Captioned web images
_ _ _

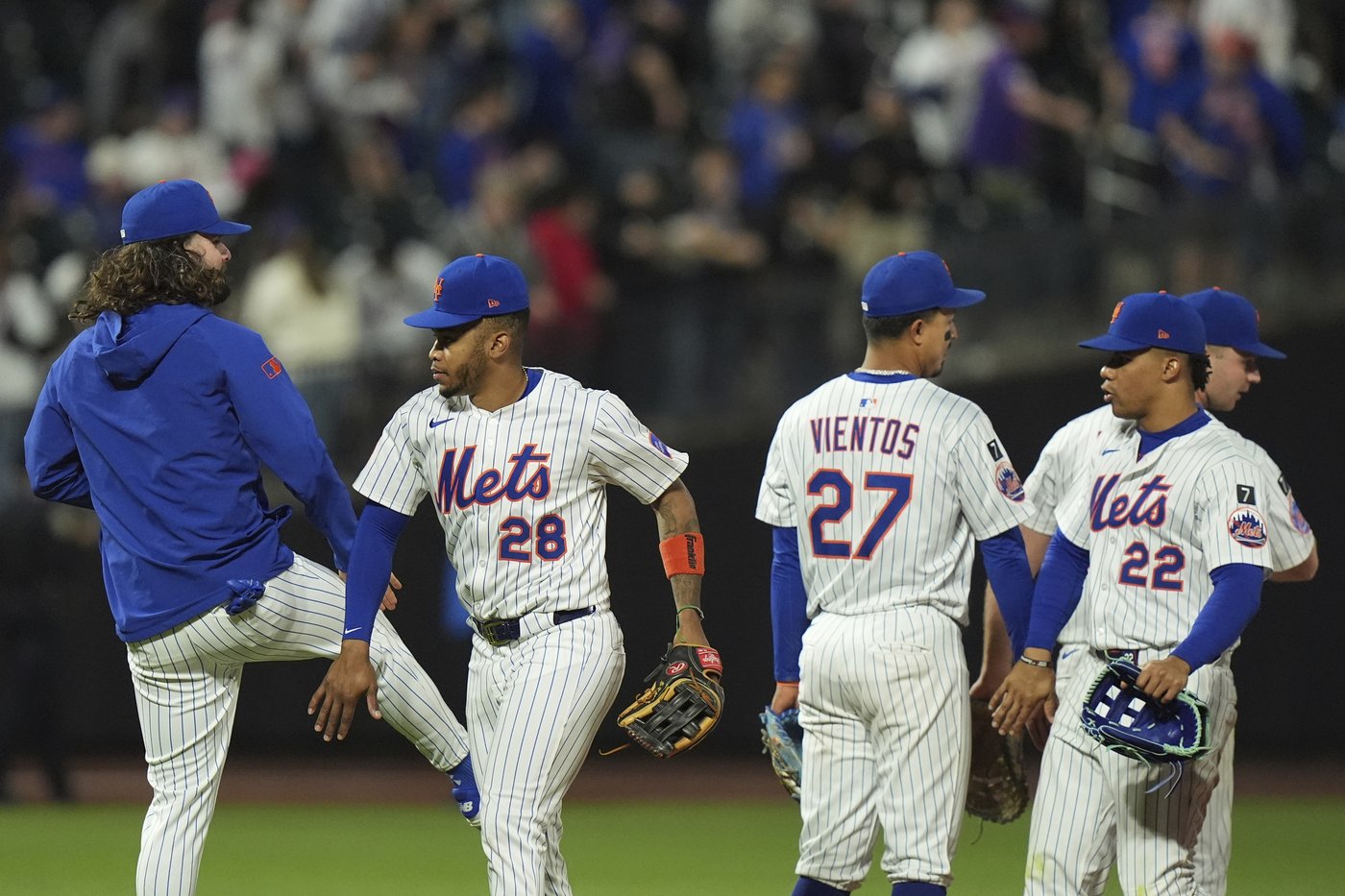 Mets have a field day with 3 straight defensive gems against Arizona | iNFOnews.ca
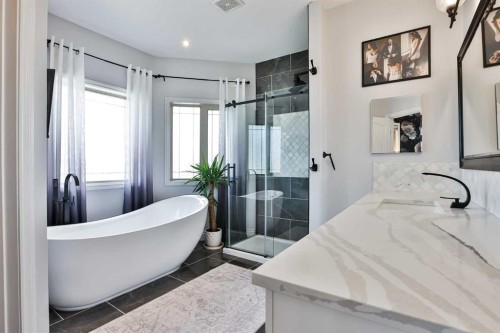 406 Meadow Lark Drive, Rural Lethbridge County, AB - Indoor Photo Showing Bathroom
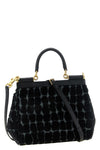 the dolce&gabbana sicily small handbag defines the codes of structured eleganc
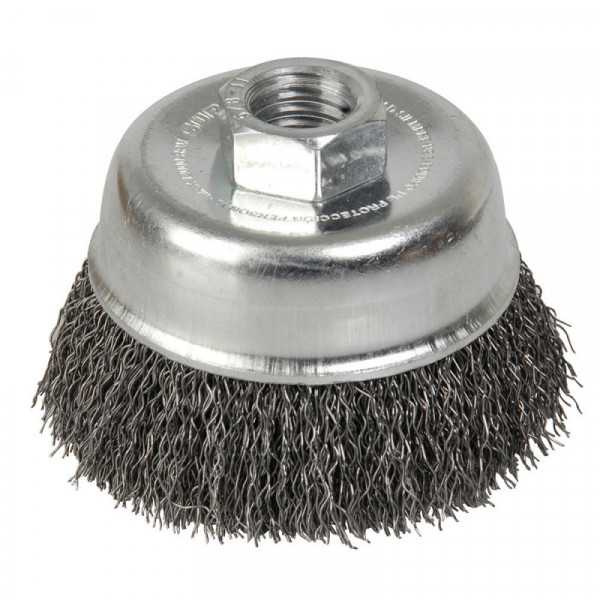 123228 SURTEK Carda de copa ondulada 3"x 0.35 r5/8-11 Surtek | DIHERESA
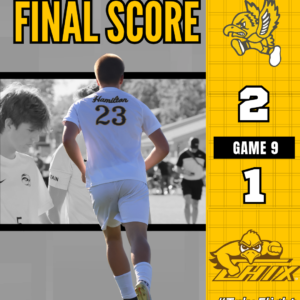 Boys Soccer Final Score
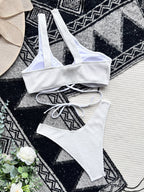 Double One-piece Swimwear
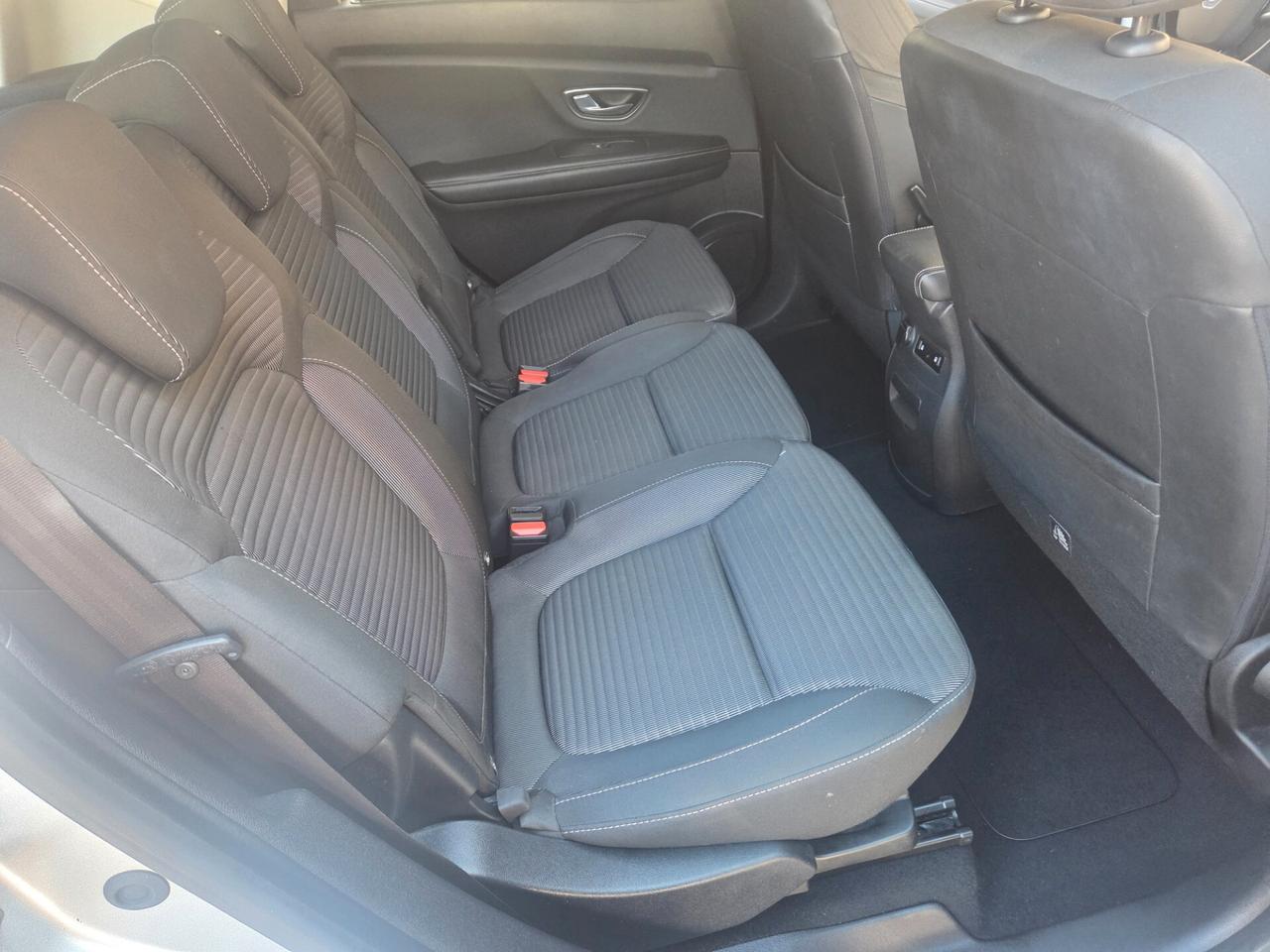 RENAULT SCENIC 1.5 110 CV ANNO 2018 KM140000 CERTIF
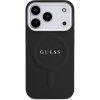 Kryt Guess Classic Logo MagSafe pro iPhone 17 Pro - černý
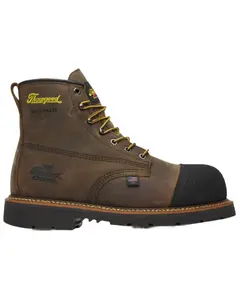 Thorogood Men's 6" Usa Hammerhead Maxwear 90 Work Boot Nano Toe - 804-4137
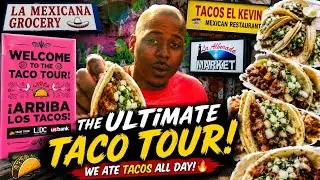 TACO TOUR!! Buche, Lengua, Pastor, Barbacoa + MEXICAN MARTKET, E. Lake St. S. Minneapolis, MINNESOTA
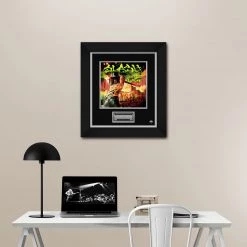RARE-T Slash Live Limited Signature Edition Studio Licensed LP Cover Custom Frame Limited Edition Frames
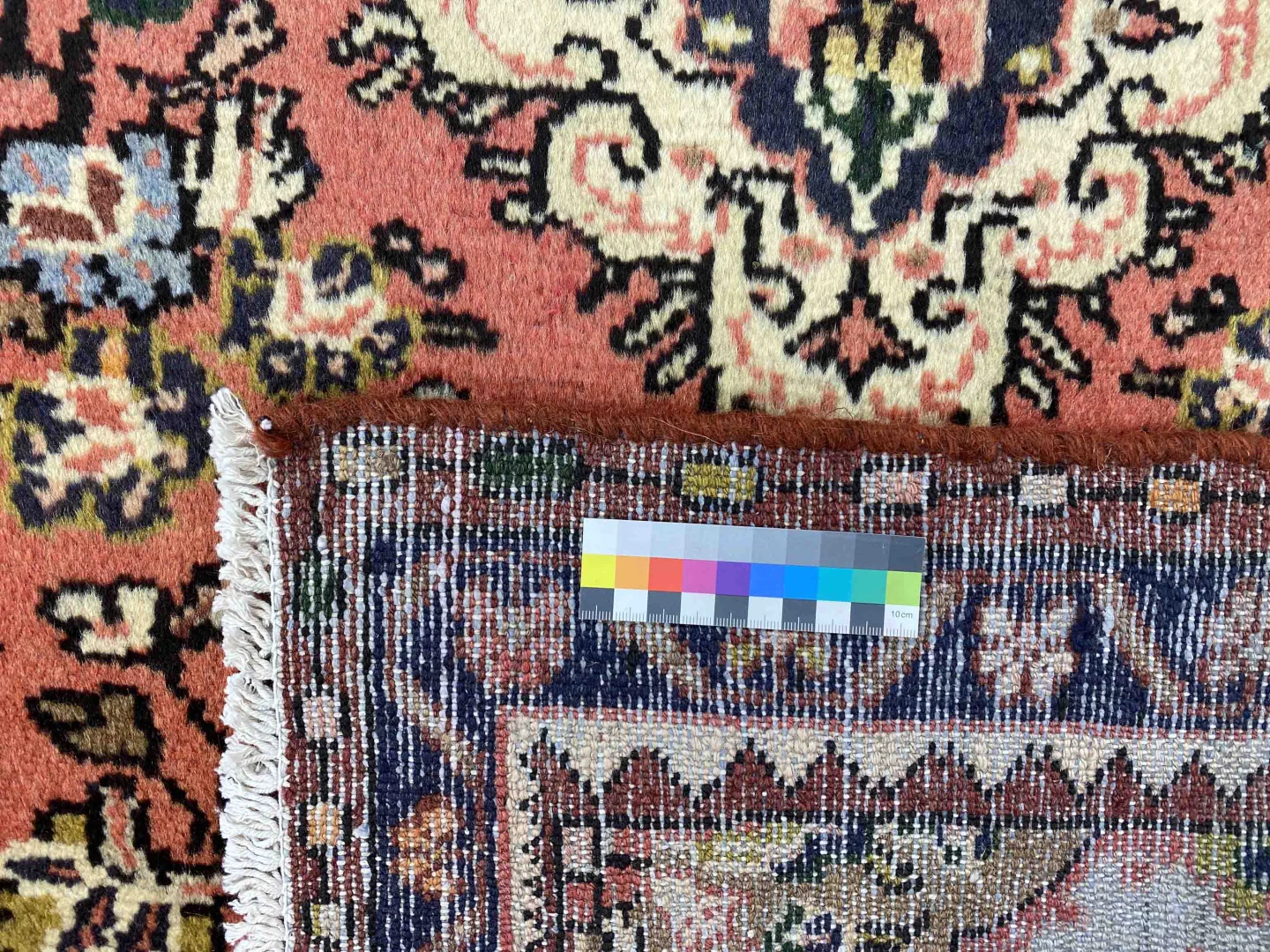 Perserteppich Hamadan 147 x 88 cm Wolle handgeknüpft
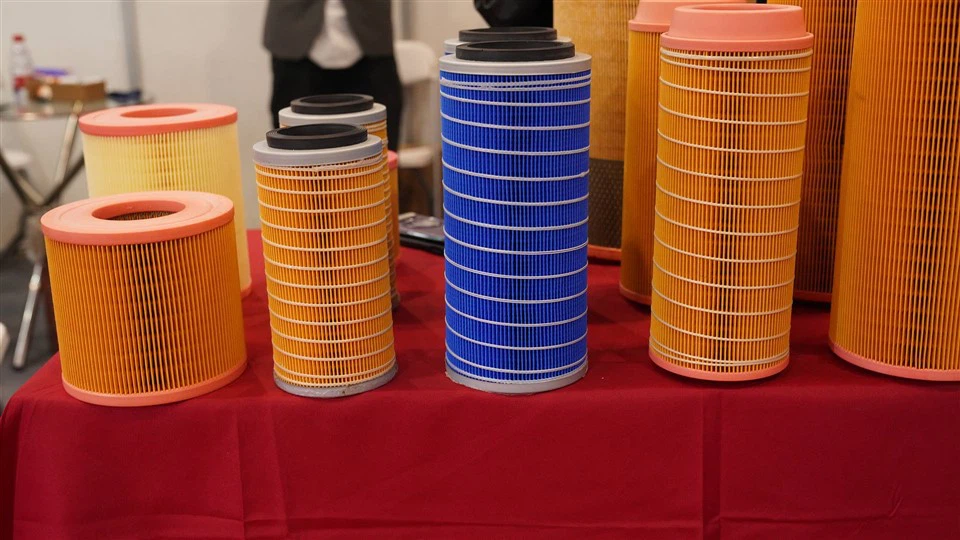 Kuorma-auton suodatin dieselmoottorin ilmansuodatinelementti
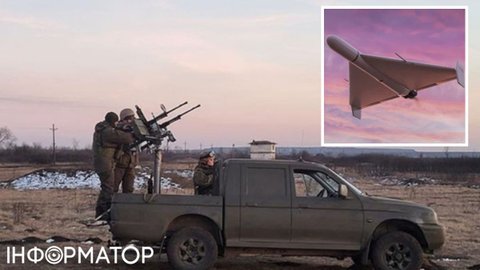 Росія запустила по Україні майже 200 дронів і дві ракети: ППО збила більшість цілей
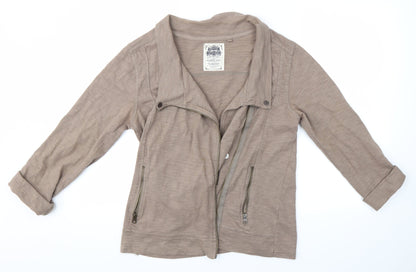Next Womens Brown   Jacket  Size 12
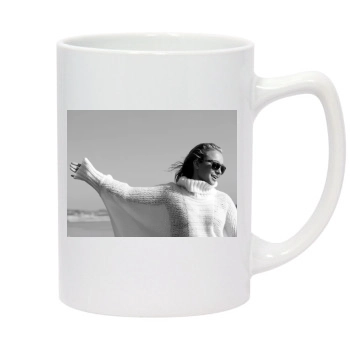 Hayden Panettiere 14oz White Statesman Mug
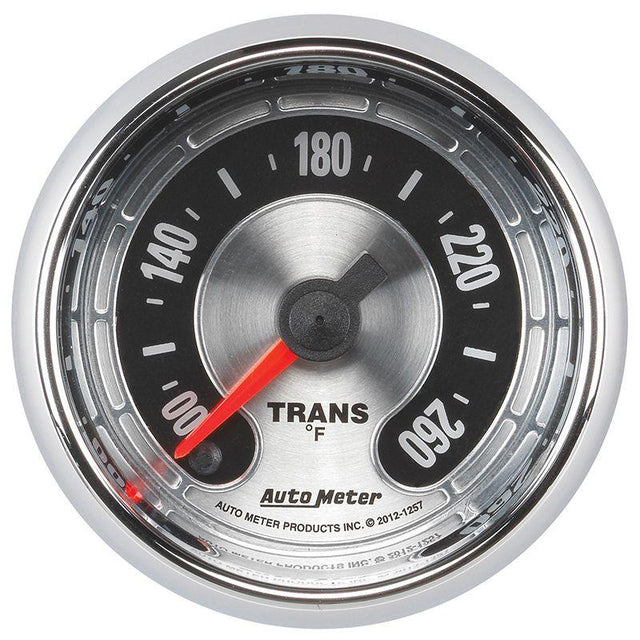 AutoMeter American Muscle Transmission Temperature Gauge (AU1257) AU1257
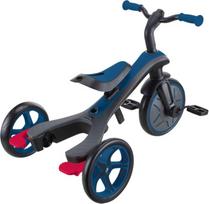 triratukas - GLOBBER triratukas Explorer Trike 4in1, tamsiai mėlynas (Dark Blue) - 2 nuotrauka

_ _ _

The answer must be the lines above, word for word, from the first one through the line with "the dolce&gabbana sicily", pictures excluded.

 Mets have a field day with 3 straight defensive gems against Arizona | iNFOnews.ca
 406 Meadow Lark Drive, Rural Lethbridge County, AB - Indoor Photo Showing Bathroom
 the dolce&gabbana sicily small handbag defines the codes of structured eleganc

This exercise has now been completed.